▶ Task objective
The answer should hold only the lines from the one containing "Cubos de frango ao saquê com batata doce" through the one containing "Load image into" in the entries below, copied exactly, without pictures.

*** Supplied data Section Begins ***

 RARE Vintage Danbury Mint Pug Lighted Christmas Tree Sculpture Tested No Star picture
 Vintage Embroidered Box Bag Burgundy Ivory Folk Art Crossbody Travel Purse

*** Supplied data Section Ends ***
*** Supplied data Section Begins ***

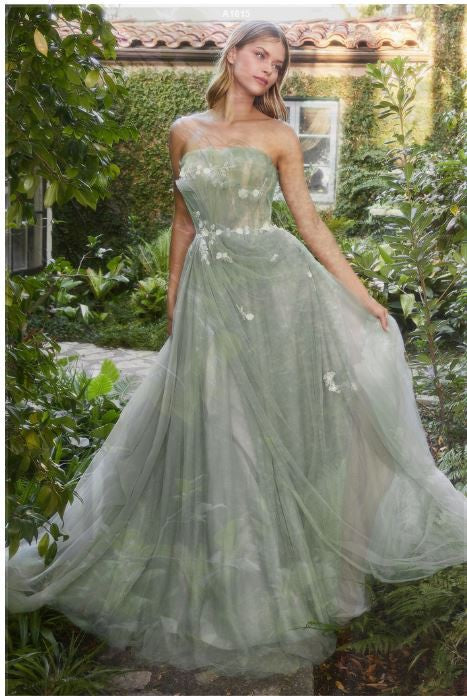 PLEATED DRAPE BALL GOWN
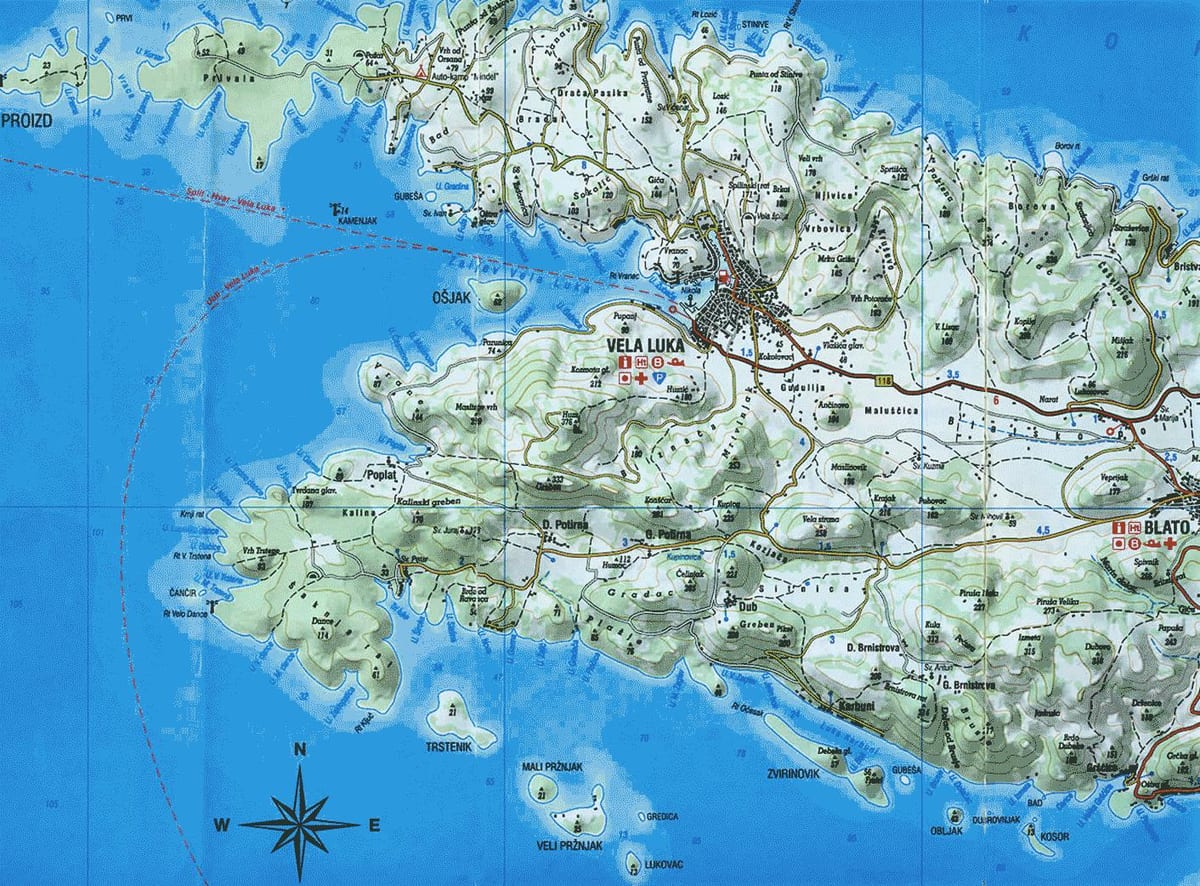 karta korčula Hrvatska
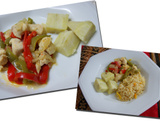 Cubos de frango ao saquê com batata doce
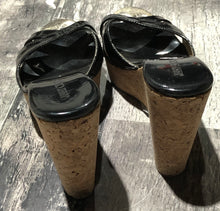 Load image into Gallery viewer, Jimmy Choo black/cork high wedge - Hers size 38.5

*** Supplied data Section Ends ***

▶ Output for this task
 Cubos de frango ao saquê com batata doce
 Load image into Gallery viewer, Jimmy Choo black/cork high wedge - Hers size 38.5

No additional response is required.